--- SUPPLIED DATA ---

************

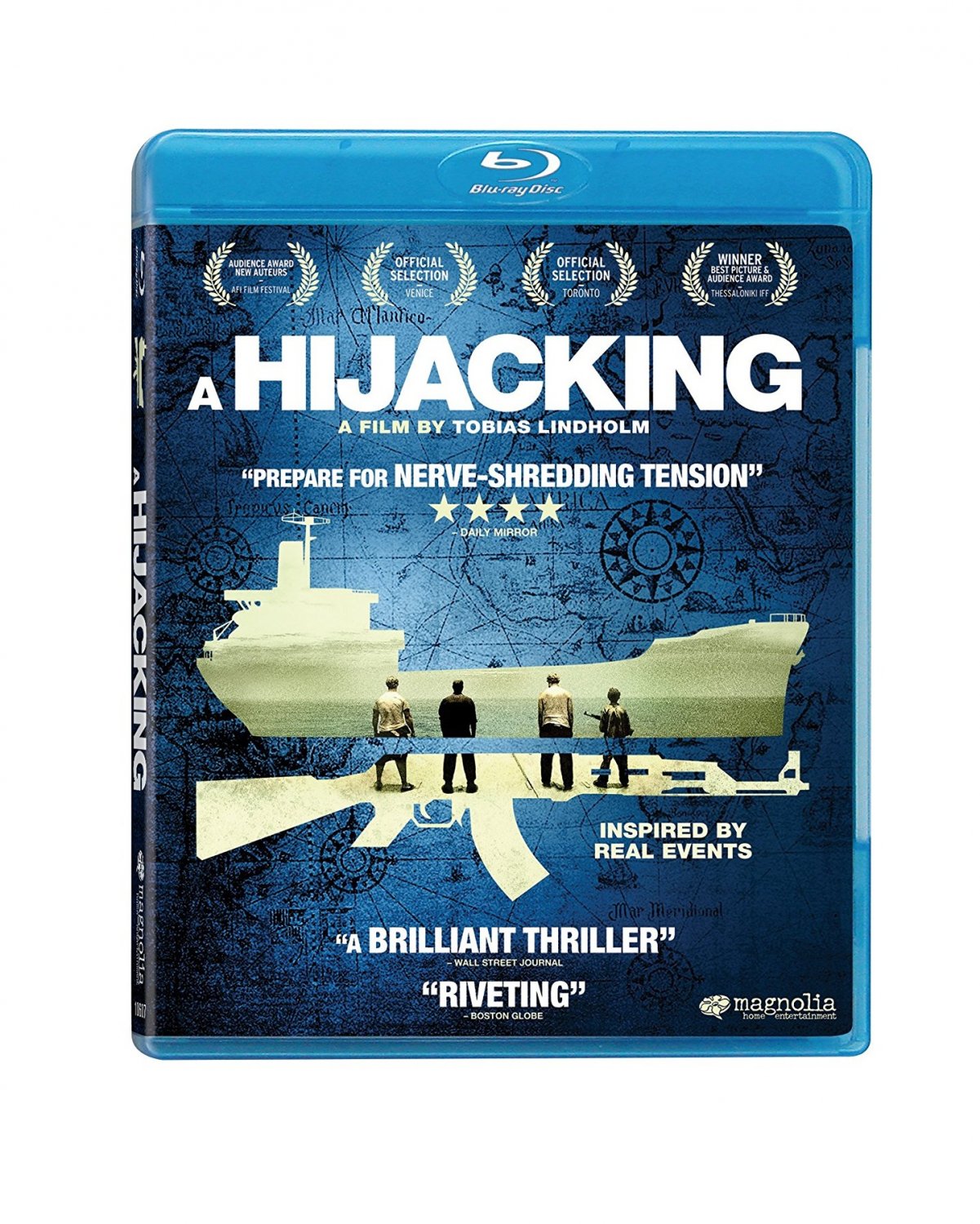 A Hijacking - Blu-ray Disc, 2013 NEW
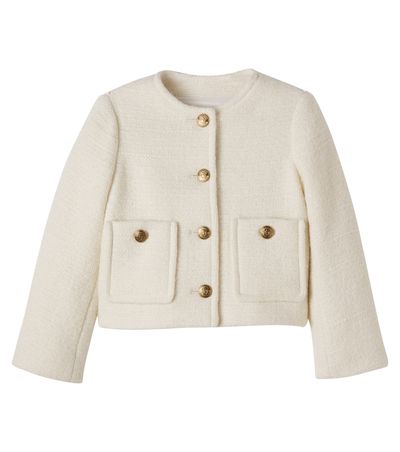 Bonpoint Bonpoint Merina wool and alpaca-blend jacket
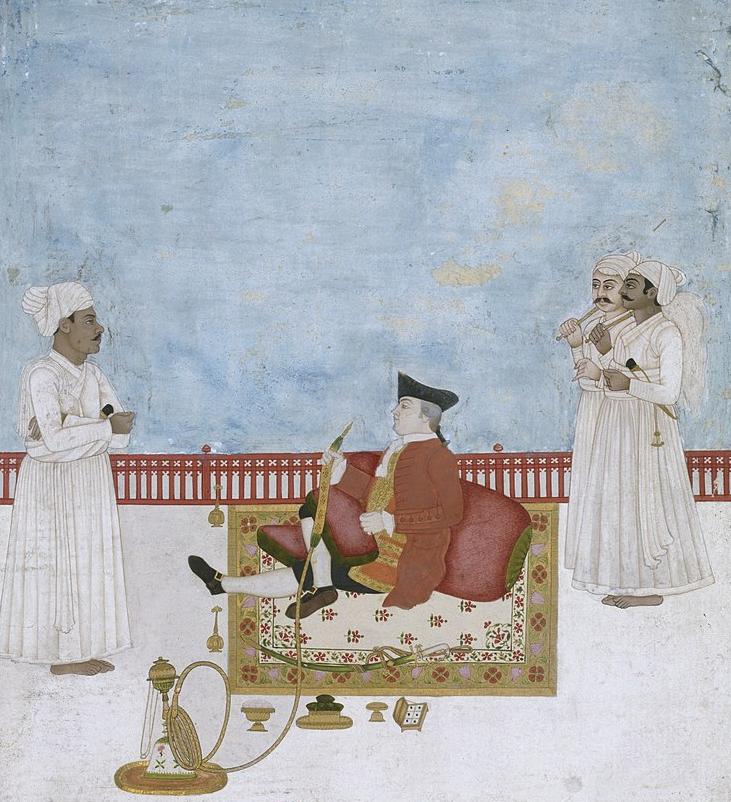 An official of the British East India Company in around 1760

************

--- INSTRUCTIONS FOR THE TASK ---
Could you copy the lines above exactly and skip the images?

--- RESPONSE ---
 A Hijacking - Blu-ray Disc, 2013 NEW
 Bonpoint Bonpoint Merina wool and alpaca-blend jacket
 An official of the British East India Company in around 1760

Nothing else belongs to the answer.